→ Web page caption snippets:
::::

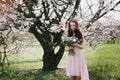 Woman in blooming trees. Woman with wedding bouquet in hands.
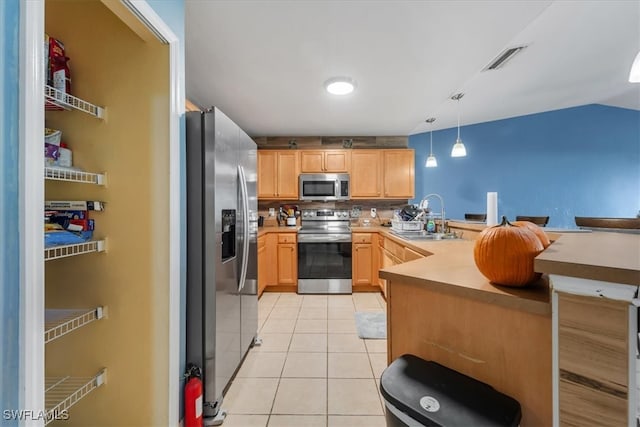 kitchen with stainless steel appliances, sink, light tile patterned floors, light brown cabinets, and hanging light fixtures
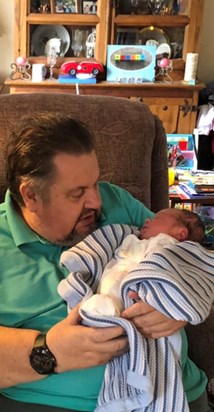 The newest arrival.. John with his youngest Grandson, Toby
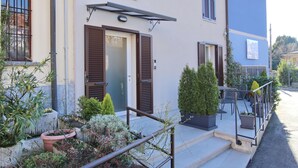 A building with a front door, brown shutters, and a small outdoor seating area with chairs and potted plants. - Affittacamere Brenna (San Fermo della Battaglia)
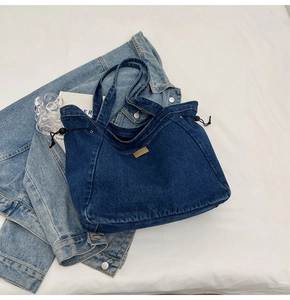 Detail der dunkelblauen Denim-Tragetasche mit Kordelzugverschluss und khakifarbenem Lederpatch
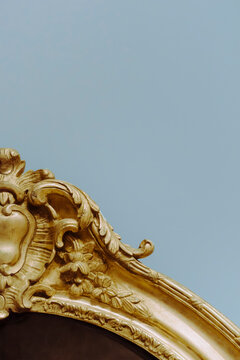 Decorative Gold Frame With Floral Design on Blue Wall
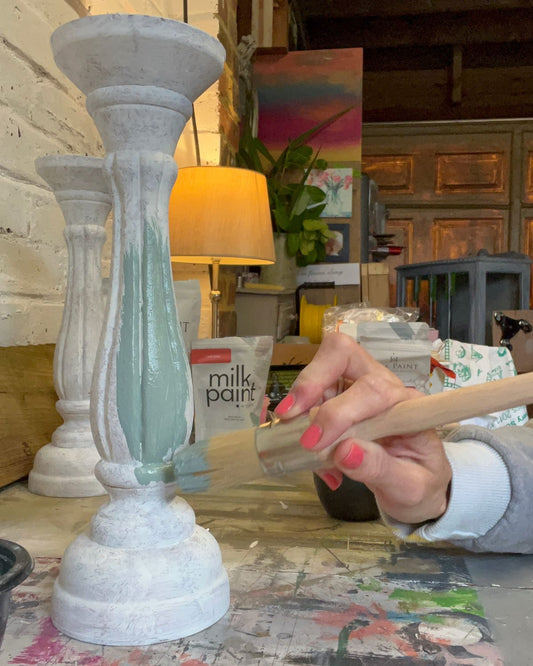 Jodi from Upcycled and Reloved by Jodi applying paint to a candlestick in her workshop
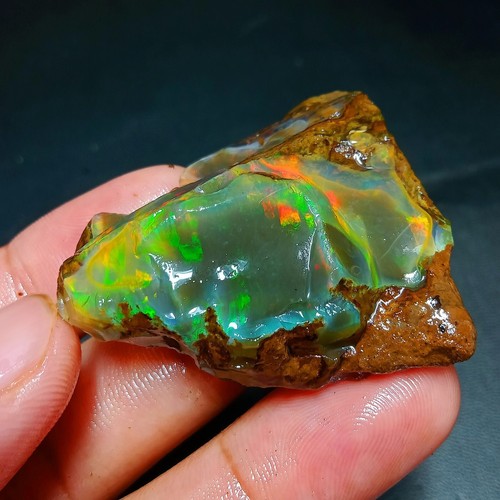 90ct Ethiopian Welo Opal Rough – Vivid Neon Fire, Multi Fire Rough - 42x33x15 mm - Picture 9 of 10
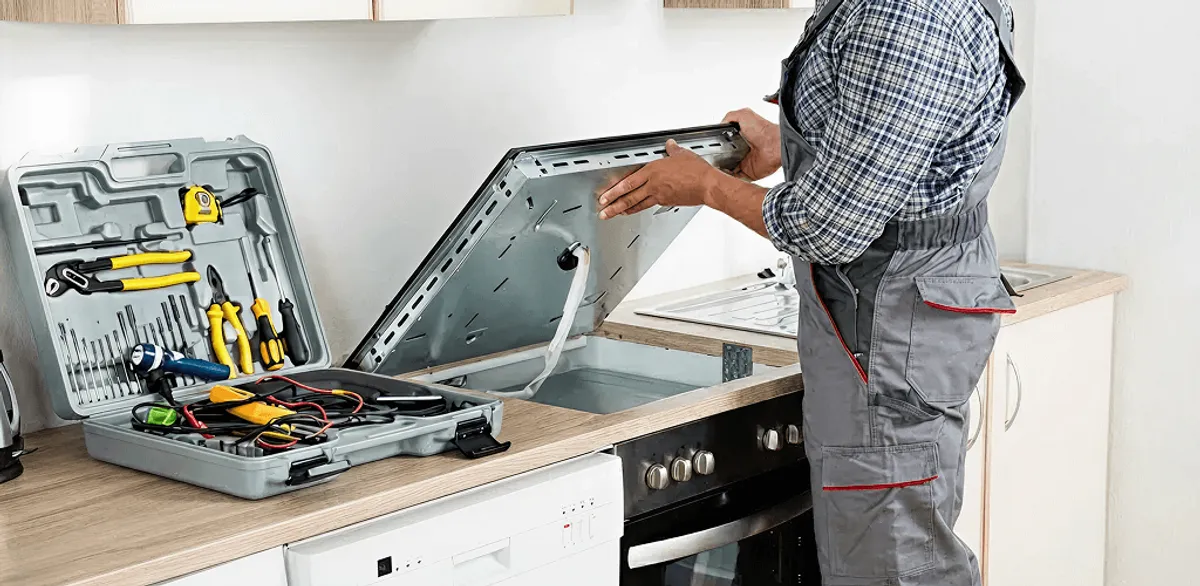 Handyman repairing a cooktop and checking wiring connections in Oklahoma City, OK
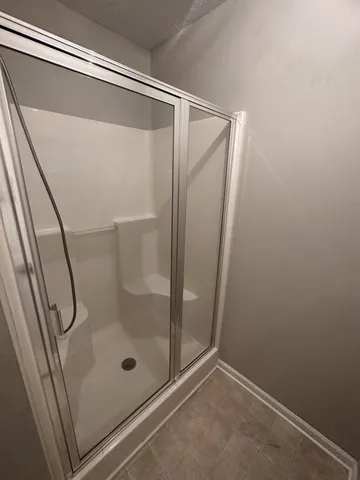 a bathroom with a glass shower door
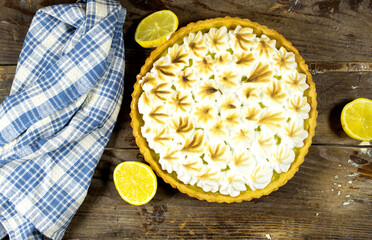 homemade lemon meringue pie with lemon fruit on wooden background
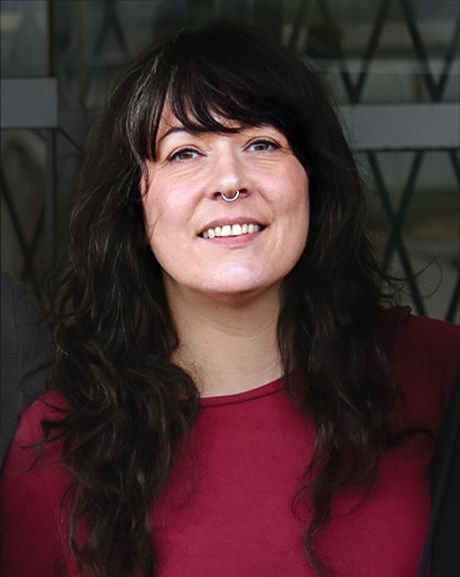 Woman with dark hair smiles, wearing a red shirt, nose ring. She is near a glass window.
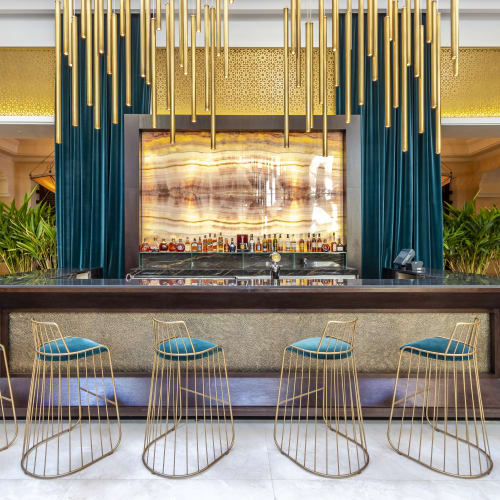 Modern hotel bar with marble counter, six wireframe bar stools with teal cushions, golden hanging pendant lights, and decorative golden and teal curtains in the background.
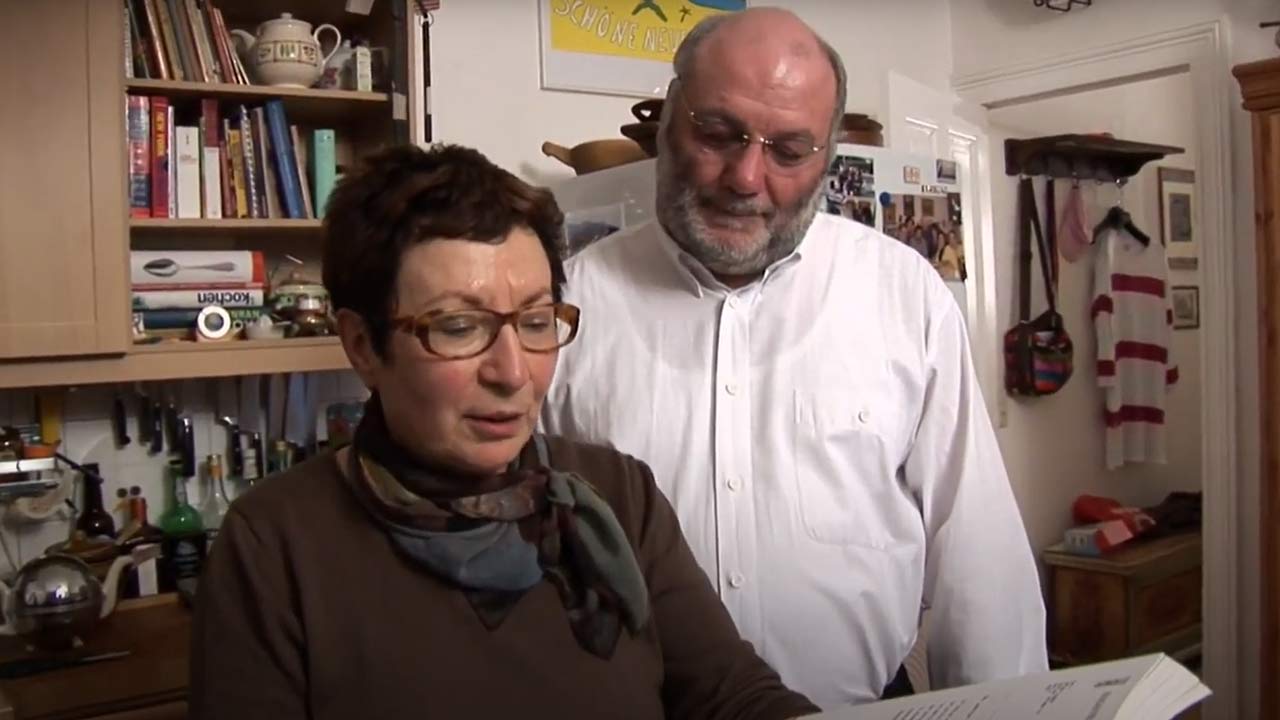 Video still: A woman with short brown hair and glasses shows a book to a bearded man in a white shirt.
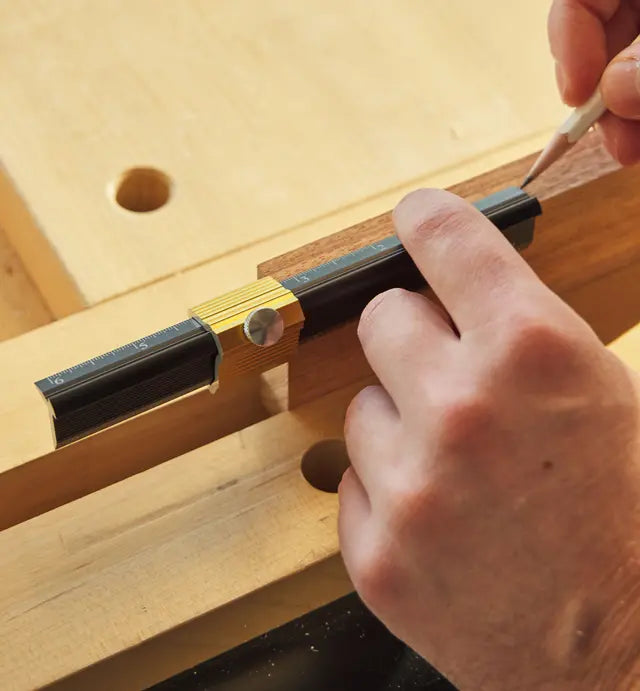 Veritas Edge Rule End Stop locked in place on rule while woodworker marks measurement onto wood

::::

Repeat, without pictures, exactly the lines of the data above from the one containing "Jodi from Upcycled" through the one containing "Handyman repairing a", including both and adding nothing.

 Jodi from Upcycled and Reloved by Jodi applying paint to a candlestick in her workshop
 90ct Ethiopian Welo Opal Rough – Vivid Neon Fire, Multi Fire Rough - 42x33x15 mm - Picture 9 of 10
 Handyman repairing a cooktop and checking wiring connections in Oklahoma City, OK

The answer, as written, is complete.